Plaintiffs request a total of $435,790.60*fn1 in interim attorneys' fees and costs, and attach to their motion an exhibit detailing each reimbursable item by attorney name, task, and time completed. (See Pls.' Mot. Ex. D.) Plaintiff also appends certifications submitted by the three main timekeepers -- Mark S. Haltzman, Stephen Levin, and Frank Schwartz -- to demonstrate that the hourly rates for the attorneys "accurately reflect[s] their respective background, skill and experience." (Pls.' Mem. 15.) Defendants do not dispute that the hourly rates submitted by plaintiffs are reasonable for attorneys of equivalent skill and experience.

In their response to plaintiffs' motion, defendants attack the adequacy of plaintiffs' fee request on three main grounds: (1) plaintiffs request fees for work unrelated to the attainment of preliminary injunctive relief; (2) plaintiffs request fees for unreasonable, unnecessary, and excessive work; and (3) plaintiffs seek to recover costs for non-reimbursable expenses. The Court addresses each of these arguments below.
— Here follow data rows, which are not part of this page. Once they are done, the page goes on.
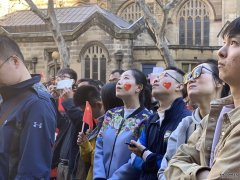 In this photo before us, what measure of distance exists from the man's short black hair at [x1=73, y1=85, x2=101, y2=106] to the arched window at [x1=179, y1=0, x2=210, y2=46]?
93.5 ft

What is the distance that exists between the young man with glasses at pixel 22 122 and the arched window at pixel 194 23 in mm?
31223

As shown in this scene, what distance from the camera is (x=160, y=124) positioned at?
14.8 feet

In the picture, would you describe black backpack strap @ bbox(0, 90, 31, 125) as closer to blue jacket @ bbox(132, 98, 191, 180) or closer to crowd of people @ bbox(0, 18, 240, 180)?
crowd of people @ bbox(0, 18, 240, 180)

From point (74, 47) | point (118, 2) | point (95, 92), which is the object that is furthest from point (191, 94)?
point (118, 2)

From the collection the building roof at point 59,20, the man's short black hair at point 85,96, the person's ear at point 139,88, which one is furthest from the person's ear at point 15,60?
the building roof at point 59,20

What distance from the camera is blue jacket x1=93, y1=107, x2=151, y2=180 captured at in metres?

1. Only Fees Related to Preliminary Injunctive Relief Are Reimbursable At This Time

Defendants claim that plaintiffs should not be able to recover fees for work recovered after May 14, 2010, the date of the last injunction order. Defendants argue "nothing their counsel has done since then was necessary to the equitable relief, and indeed all of the substantive work they have done since then has been done in support of individual damages claims." (Defs.' Mem. 29.) In support of their position, defendants rely on Institutionalized Juveniles v. Secretary of Public Welfare, 758 F.2d 897 (3d Cir. 1985), for the proposition that "fees accrued after [the] prevailing party achieves success are not recoverable" (Defs.' Mem. 30). Plaintiffs disagree with defendants, and assert that Institutionalized Juveniles does "not establish any bright line test of the date on which attorneys fees are no longer recoverable." (Pls.' Am. Reply Mem. 19.) That court noted that while the case before it had been litigated to a final judgment, in a case "involv[ing] the ongoing ...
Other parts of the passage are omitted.